# [Task objective]
Please repeat exactly the lines below from the one containing "Modern Methods of" down to the one containing "亿正策略 巴防务分析专家：巴基斯坦正在美伊间发挥协调与斡旋作用", both included, and nothing else.
■ ■ ■ ■ ■ ■ ■
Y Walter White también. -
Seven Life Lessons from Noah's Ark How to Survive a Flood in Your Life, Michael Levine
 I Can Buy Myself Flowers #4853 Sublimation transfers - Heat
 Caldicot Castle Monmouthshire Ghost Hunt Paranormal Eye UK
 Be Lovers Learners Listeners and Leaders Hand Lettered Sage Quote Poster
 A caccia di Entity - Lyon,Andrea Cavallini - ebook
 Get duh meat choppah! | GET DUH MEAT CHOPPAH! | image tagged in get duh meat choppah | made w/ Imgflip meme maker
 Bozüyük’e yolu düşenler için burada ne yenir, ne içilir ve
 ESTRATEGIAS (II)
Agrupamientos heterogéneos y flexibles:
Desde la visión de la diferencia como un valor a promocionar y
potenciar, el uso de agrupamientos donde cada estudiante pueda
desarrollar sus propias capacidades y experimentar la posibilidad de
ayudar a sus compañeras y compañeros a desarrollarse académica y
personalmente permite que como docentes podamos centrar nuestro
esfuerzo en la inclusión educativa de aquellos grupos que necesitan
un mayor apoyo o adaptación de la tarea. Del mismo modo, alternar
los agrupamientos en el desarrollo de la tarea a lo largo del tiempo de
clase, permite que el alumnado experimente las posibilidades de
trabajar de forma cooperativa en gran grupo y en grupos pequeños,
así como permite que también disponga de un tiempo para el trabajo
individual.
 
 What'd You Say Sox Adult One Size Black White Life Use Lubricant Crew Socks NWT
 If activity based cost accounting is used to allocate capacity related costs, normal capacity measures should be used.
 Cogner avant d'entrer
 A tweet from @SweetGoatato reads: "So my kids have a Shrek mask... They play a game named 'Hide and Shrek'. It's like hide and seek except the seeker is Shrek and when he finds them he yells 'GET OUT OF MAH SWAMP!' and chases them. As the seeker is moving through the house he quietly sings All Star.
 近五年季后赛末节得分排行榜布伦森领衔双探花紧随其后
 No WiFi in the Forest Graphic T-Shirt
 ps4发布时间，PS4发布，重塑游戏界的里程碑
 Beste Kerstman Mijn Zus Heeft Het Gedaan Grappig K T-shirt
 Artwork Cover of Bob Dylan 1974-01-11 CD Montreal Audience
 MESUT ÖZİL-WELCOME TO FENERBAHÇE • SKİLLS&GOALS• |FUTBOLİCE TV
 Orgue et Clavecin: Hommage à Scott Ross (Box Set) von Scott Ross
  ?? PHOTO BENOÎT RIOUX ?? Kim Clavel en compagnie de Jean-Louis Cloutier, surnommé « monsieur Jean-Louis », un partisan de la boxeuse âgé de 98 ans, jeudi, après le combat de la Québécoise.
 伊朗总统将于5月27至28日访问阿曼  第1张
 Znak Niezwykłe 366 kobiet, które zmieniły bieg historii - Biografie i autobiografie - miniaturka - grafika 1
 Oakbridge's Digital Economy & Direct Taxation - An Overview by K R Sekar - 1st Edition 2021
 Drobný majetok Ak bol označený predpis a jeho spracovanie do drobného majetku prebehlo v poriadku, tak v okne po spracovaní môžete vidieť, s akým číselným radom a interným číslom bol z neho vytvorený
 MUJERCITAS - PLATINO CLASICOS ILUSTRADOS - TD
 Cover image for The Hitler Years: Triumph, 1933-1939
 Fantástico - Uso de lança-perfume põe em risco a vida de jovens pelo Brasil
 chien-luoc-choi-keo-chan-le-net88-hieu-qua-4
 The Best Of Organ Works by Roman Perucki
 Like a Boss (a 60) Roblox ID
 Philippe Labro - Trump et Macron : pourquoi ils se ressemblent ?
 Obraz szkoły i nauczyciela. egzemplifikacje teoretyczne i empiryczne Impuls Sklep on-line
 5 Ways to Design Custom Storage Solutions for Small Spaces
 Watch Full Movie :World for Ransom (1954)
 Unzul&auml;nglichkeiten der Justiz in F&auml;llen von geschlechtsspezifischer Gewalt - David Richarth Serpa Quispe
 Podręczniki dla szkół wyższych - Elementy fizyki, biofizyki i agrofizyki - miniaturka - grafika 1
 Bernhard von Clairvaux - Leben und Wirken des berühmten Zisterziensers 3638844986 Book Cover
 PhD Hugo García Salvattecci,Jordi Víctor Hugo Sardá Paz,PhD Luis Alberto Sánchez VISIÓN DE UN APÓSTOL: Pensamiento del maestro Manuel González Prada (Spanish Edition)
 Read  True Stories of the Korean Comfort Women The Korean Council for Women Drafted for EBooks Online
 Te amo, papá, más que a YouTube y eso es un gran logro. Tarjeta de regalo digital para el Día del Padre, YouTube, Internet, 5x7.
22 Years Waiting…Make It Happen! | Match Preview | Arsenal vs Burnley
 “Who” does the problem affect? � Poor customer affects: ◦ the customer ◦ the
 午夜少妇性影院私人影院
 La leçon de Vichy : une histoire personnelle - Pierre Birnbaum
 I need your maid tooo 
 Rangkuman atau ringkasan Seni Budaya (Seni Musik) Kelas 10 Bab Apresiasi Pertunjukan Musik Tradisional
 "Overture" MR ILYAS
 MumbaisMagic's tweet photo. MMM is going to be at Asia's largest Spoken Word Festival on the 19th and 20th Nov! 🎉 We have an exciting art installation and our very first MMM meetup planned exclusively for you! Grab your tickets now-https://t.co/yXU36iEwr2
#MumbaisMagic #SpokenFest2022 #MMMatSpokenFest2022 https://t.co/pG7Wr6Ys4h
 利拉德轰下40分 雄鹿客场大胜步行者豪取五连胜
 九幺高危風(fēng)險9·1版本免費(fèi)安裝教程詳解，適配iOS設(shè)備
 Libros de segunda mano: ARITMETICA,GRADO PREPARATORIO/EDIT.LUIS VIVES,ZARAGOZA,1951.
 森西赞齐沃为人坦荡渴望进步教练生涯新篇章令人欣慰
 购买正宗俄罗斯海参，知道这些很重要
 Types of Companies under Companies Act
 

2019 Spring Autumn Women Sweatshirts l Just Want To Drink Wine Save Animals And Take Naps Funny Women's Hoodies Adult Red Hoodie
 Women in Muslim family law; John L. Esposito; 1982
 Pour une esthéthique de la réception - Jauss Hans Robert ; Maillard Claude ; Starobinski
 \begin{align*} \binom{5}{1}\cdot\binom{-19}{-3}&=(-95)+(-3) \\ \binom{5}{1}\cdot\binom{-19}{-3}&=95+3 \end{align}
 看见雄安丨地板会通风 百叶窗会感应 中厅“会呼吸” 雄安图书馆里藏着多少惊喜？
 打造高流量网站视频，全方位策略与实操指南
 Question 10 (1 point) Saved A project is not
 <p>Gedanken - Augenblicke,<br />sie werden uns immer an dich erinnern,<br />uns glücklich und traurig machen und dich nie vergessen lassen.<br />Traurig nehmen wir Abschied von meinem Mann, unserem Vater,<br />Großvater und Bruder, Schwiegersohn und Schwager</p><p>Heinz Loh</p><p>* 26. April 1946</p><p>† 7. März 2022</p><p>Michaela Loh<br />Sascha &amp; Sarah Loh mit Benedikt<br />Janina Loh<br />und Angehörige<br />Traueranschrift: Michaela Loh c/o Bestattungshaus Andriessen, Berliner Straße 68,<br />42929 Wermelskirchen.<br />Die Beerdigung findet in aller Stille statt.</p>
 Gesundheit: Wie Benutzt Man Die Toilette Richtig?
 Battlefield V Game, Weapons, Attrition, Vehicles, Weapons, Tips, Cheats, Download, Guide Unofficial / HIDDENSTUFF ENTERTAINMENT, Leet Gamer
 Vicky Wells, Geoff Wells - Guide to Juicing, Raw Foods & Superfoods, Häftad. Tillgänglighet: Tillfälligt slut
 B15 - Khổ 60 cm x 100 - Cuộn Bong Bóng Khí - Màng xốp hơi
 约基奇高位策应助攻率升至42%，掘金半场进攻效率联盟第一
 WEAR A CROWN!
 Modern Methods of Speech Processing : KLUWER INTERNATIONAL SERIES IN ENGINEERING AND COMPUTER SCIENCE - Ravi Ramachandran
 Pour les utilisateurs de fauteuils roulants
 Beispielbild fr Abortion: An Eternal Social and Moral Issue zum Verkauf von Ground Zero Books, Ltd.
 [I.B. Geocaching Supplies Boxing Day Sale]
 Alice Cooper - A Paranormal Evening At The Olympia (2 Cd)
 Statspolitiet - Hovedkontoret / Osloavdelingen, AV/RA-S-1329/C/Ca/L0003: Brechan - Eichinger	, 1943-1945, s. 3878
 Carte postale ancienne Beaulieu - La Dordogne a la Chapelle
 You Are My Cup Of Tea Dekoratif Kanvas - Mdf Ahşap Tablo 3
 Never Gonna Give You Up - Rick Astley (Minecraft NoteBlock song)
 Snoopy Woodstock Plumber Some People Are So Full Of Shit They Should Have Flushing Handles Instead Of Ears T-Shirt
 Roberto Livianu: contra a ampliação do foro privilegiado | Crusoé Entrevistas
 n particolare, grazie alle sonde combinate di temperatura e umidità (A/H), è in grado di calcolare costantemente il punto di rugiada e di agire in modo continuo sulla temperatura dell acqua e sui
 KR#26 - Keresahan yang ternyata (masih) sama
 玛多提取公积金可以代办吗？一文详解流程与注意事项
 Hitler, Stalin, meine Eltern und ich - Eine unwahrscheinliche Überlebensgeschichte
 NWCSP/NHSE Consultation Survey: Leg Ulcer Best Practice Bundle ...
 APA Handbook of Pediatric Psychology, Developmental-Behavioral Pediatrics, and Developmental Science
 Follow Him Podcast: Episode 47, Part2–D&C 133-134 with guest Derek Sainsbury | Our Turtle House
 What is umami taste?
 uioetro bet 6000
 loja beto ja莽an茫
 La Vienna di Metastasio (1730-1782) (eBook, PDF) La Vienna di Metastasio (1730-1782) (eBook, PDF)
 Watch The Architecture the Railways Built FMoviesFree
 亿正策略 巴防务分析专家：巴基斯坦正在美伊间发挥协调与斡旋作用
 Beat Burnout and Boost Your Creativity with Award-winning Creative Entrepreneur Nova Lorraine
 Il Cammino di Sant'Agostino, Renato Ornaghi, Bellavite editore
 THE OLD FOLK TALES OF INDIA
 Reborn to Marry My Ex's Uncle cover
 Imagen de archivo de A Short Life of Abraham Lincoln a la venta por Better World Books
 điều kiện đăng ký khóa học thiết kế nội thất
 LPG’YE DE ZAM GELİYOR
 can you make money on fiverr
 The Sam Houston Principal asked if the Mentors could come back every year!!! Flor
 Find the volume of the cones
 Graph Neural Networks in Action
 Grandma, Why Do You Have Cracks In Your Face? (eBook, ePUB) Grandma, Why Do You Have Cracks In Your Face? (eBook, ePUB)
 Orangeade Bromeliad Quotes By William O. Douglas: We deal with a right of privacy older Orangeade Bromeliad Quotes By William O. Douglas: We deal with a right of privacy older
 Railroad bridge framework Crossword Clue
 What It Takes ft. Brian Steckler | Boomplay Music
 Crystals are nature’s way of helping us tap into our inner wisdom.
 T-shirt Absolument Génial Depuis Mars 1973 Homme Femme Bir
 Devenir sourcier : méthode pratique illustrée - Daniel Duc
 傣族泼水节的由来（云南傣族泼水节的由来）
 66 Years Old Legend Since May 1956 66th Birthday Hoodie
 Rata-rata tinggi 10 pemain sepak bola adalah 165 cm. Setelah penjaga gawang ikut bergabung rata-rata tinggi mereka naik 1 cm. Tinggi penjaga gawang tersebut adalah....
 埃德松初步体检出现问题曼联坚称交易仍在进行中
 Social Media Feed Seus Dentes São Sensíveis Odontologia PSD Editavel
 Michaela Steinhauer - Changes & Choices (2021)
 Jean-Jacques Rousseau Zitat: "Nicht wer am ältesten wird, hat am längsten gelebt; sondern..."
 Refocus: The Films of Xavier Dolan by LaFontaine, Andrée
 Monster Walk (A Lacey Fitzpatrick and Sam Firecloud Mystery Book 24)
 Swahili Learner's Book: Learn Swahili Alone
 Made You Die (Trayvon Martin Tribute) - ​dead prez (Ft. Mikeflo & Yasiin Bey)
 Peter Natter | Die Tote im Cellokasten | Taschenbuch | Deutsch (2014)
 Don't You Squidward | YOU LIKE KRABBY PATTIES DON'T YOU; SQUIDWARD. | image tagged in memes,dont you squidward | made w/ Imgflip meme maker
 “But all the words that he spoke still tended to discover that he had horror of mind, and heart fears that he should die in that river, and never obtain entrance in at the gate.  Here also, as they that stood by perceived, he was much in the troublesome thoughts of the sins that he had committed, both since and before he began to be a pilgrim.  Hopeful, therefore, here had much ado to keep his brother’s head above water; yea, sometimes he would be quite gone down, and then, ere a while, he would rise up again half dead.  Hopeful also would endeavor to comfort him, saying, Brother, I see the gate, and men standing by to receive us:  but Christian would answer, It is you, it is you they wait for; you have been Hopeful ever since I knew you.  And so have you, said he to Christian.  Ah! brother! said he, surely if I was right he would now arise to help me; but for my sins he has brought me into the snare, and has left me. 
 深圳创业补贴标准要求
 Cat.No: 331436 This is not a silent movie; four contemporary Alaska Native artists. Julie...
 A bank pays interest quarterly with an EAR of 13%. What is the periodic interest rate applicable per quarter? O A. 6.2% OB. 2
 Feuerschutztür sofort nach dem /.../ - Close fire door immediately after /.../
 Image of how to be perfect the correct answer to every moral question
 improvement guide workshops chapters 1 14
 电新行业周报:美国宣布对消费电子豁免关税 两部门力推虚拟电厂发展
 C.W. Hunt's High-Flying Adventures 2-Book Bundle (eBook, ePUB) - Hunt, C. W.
■ ■ ■ ■ ■ ■ ■
# [Exercise output]
 Modern Methods of Speech Processing : KLUWER INTERNATIONAL SERIES IN ENGINEERING AND COMPUTER SCIENCE - Ravi Ramachandran
 Pour les utilisateurs de fauteuils roulants
 Beispielbild fr Abortion: An Eternal Social and Moral Issue zum Verkauf von Ground Zero Books, Ltd.
 [I.B. Geocaching Supplies Boxing Day Sale]
 Alice Cooper - A Paranormal Evening At The Olympia (2 Cd)
 Statspolitiet - Hovedkontoret / Osloavdelingen, AV/RA-S-1329/C/Ca/L0003: Brechan - Eichinger	, 1943-1945, s. 3878
 Carte postale ancienne Beaulieu - La Dordogne a la Chapelle
 You Are My Cup Of Tea Dekoratif Kanvas - Mdf Ahşap Tablo 3
 Never Gonna Give You Up - Rick Astley (Minecraft NoteBlock song)
 Snoopy Woodstock Plumber Some People Are So Full Of Shit They Should Have Flushing Handles Instead Of Ears T-Shirt
 Roberto Livianu: contra a ampliação do foro privilegiado | Crusoé Entrevistas
 n particolare, grazie alle sonde combinate di temperatura e umidità (A/H), è in grado di calcolare costantemente il punto di rugiada e di agire in modo continuo sulla temperatura dell acqua e sui
 KR#26 - Keresahan yang ternyata (masih) sama
 玛多提取公积金可以代办吗？一文详解流程与注意事项
 Hitler, Stalin, meine Eltern und ich - Eine unwahrscheinliche Überlebensgeschichte
 NWCSP/NHSE Consultation Survey: Leg Ulcer Best Practice Bundle ...
 APA Handbook of Pediatric Psychology, Developmental-Behavioral Pediatrics, and Developmental Science
 Follow Him Podcast: Episode 47, Part2–D&C 133-134 with guest Derek Sainsbury | Our Turtle House
 What is umami taste?
 uioetro bet 6000
 loja beto ja莽an茫
 La Vienna di Metastasio (1730-1782) (eBook, PDF) La Vienna di Metastasio (1730-1782) (eBook, PDF)
 Watch The Architecture the Railways Built FMoviesFree
 亿正策略 巴防务分析专家：巴基斯坦正在美伊间发挥协调与斡旋作用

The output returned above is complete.